Your instructions → Only text belongs in your copy of the listing below; reproduce it exactly and leave out the pictures.

++++ Data to process ++++

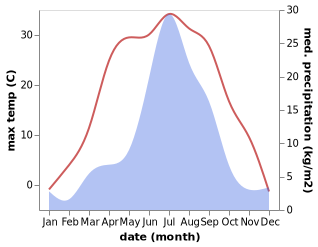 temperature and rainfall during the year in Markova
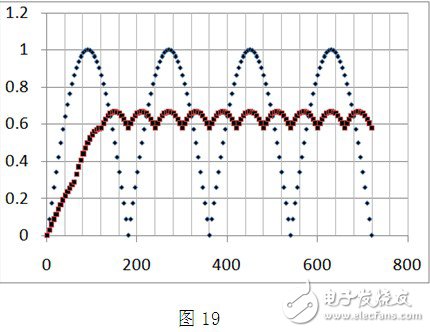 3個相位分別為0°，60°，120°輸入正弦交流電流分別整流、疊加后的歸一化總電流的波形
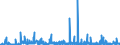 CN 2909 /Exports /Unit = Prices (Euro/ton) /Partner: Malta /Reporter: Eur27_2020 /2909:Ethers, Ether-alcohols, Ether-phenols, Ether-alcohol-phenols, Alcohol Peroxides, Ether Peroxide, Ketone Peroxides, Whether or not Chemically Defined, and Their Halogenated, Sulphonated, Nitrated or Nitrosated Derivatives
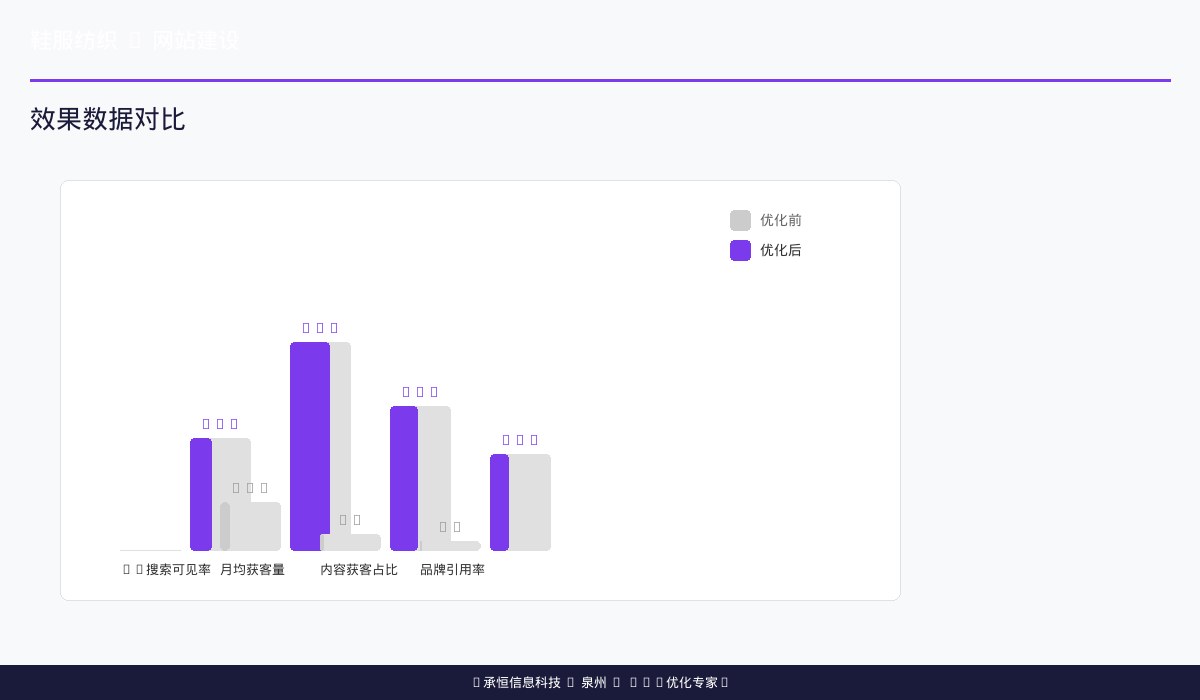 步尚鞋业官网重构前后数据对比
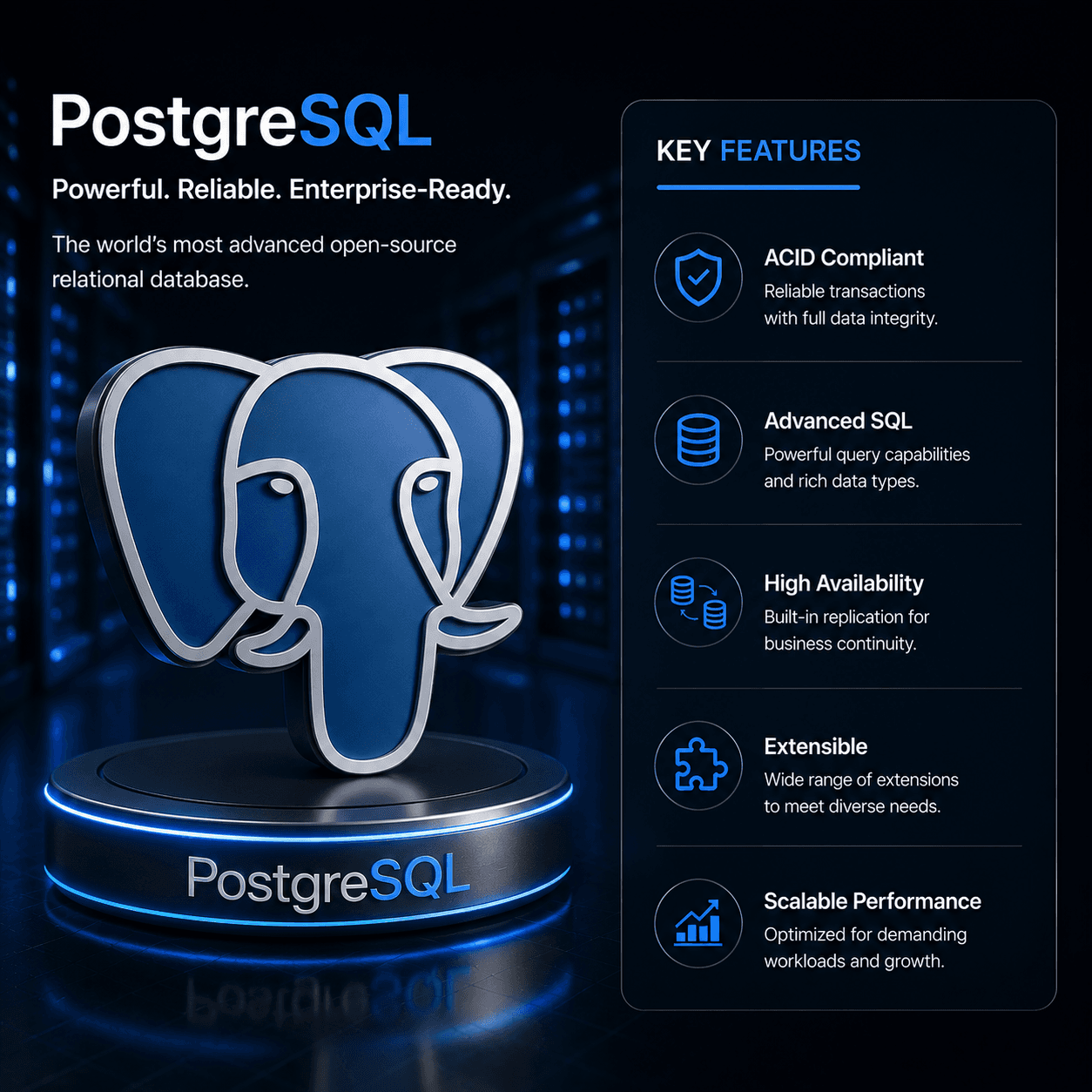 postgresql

++++

Response for this exercise →
 temperature and rainfall during the year in Markova
 3個相位分別為0°，60°，120°輸入正弦交流電流分別整流、疊加后的歸一化總電流的波形
 CN 2909 /Exports /Unit = Prices (Euro/ton) /Partner: Malta /Reporter: Eur27_2020 /2909:Ethers, Ether-alcohols, Ether-phenols, Ether-alcohol-phenols, Alcohol Peroxides, Ether Peroxide, Ketone Peroxides, Whether or not Chemically Defined, and Their Halogenated, Sulphonated, Nitrated or Nitrosated Derivatives
 步尚鞋业官网重构前后数据对比
 postgresql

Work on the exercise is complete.